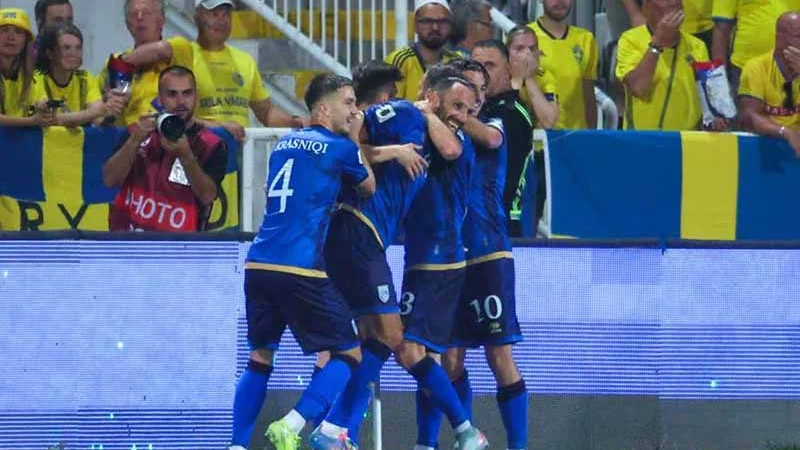 Nhận định, Soi kèo Kosovo vs Slovenia 1h45 ngày 11/10: Điểm tựa sân nhà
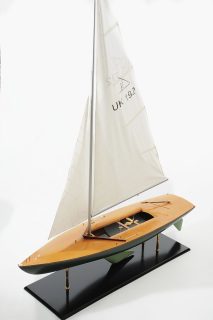 Modern Sailing Yachts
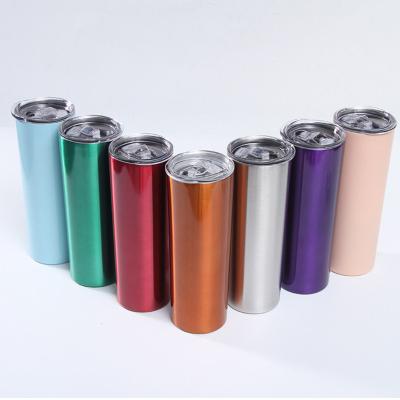 China New Viable Modern Minimalist Double Steel Thermos 20oz for sale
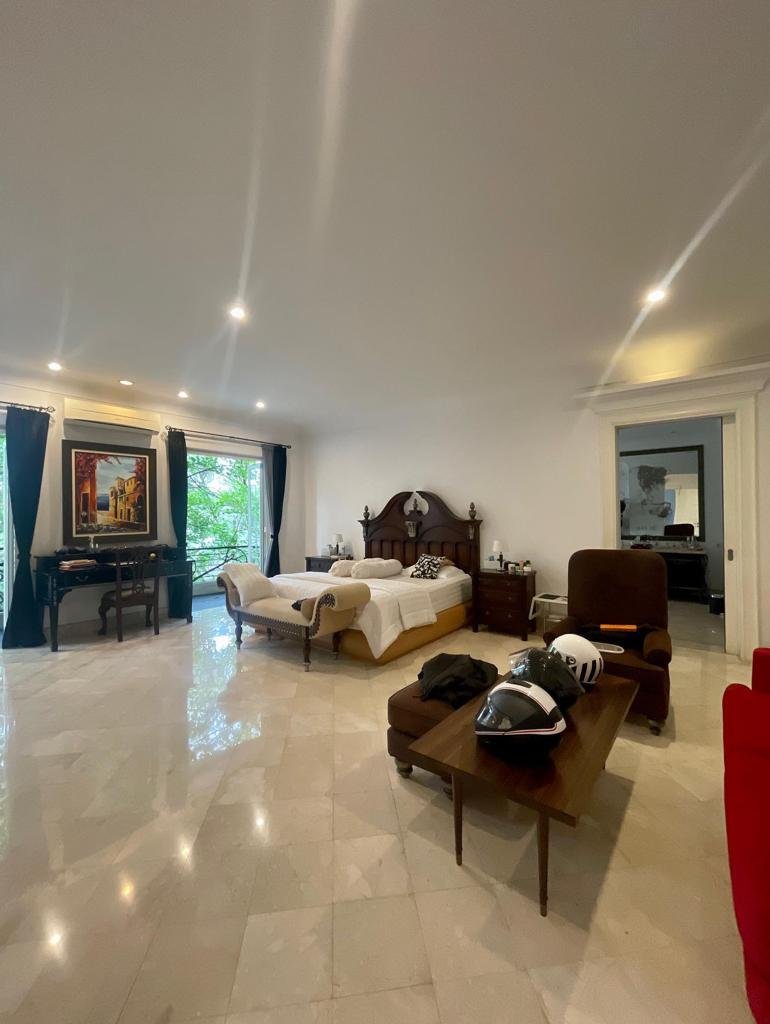 Rumah Mewah bagus di Bangka Kemang Nuansa Villa Resort mewah - 20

# Problem description
What this calls for is a word-for-word copy of the listing above, pictures excluded.

# Task result
 Nhận định, Soi kèo Kosovo vs Slovenia 1h45 ngày 11/10: Điểm tựa sân nhà
 Modern Sailing Yachts
 China New Viable Modern Minimalist Double Steel Thermos 20oz for sale
 Rumah Mewah bagus di Bangka Kemang Nuansa Villa Resort mewah - 20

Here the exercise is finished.